Text in the records must be reproduced exactly, and pictures must be skipped.

*** Material to process Section Begins ***

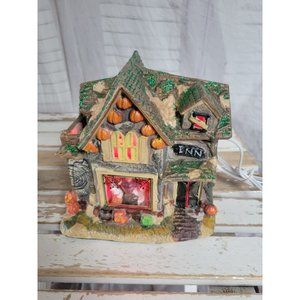 East west witch haunted inn village house pumpkin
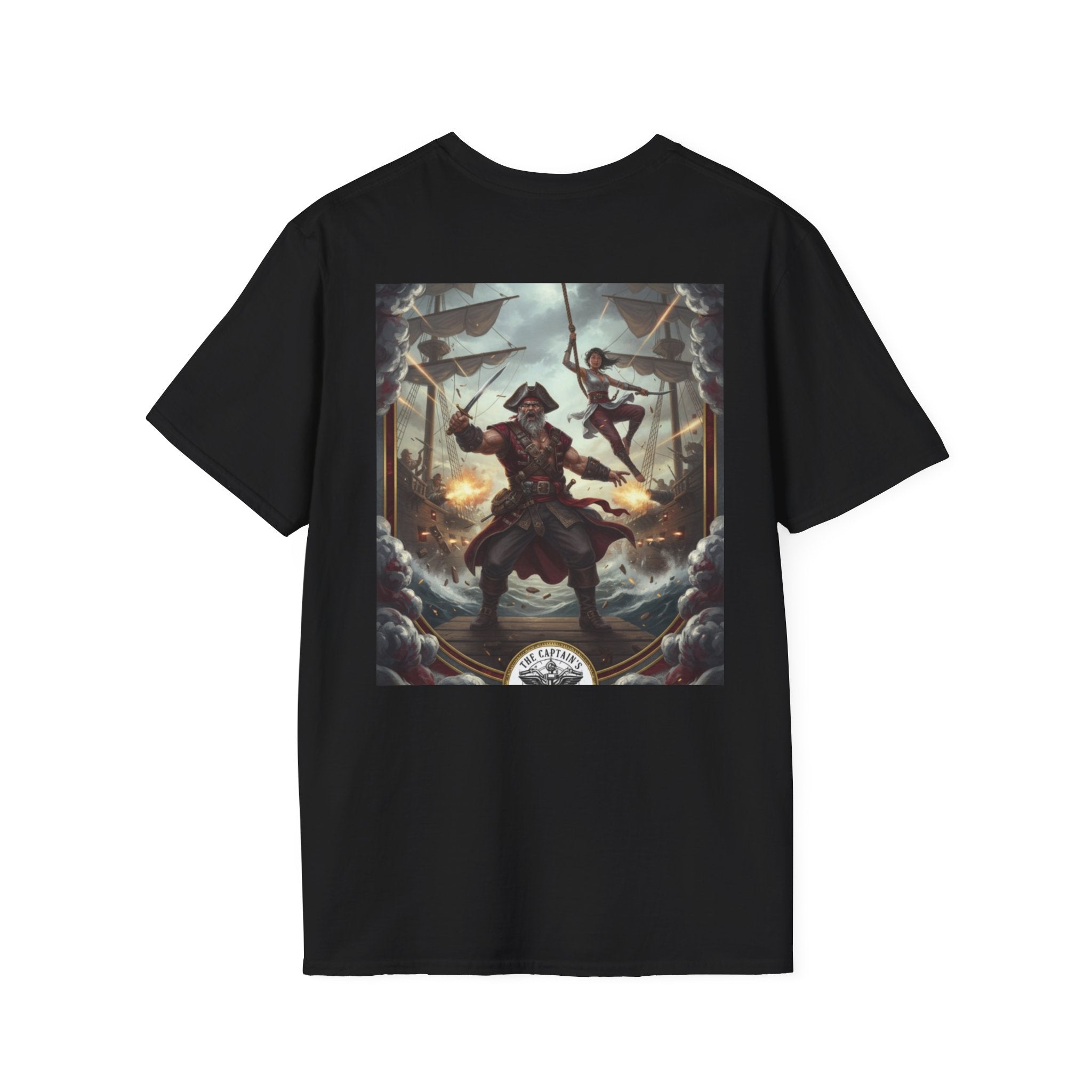 Pirate Captain T-Shirt — Vintage Nautical Adventure Graphic Tee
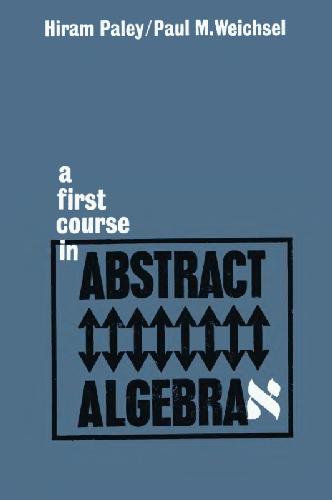 دانلود نسخه کامل کتاب A first course in abstract algebra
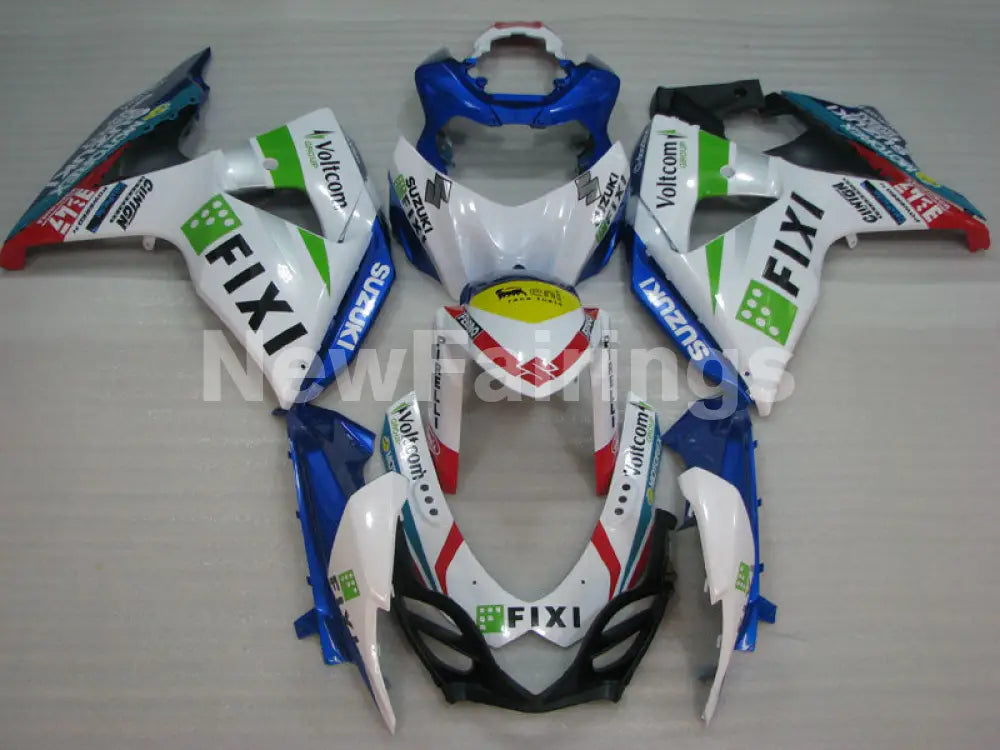 White and Blue MOTOREX - GSX-R1000 09-16 Fairing Kit
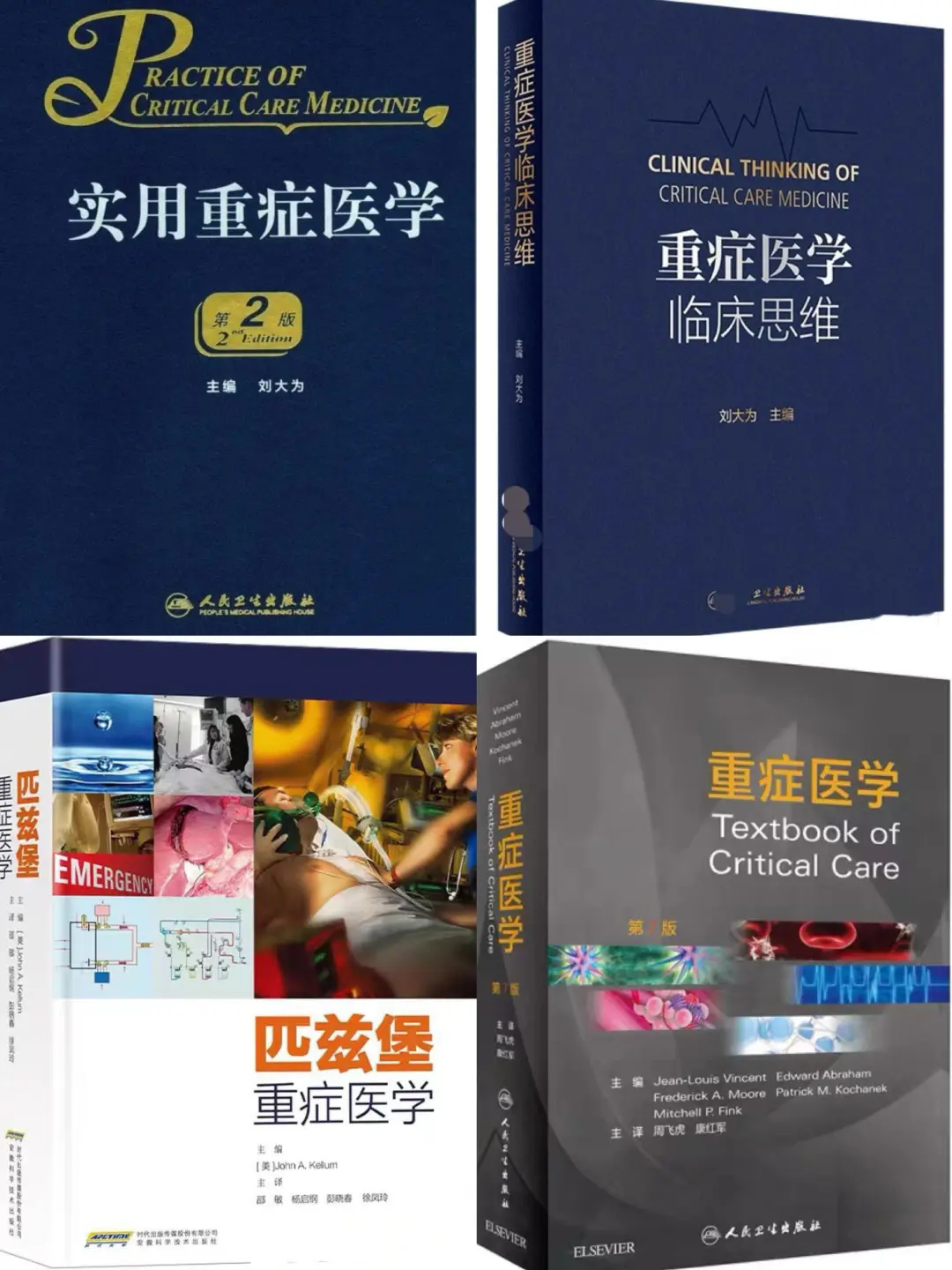 重症医学十大神书稀缺合集电子版pdf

*** Material to process Section Ends ***

_Result of this exercise_.
 East west witch haunted inn village house pumpkin
 Pirate Captain T-Shirt — Vintage Nautical Adventure Graphic Tee
 دانلود نسخه کامل کتاب A first course in abstract algebra
 White and Blue MOTOREX - GSX-R1000 09-16 Fairing Kit
 重症医学十大神书稀缺合集电子版pdf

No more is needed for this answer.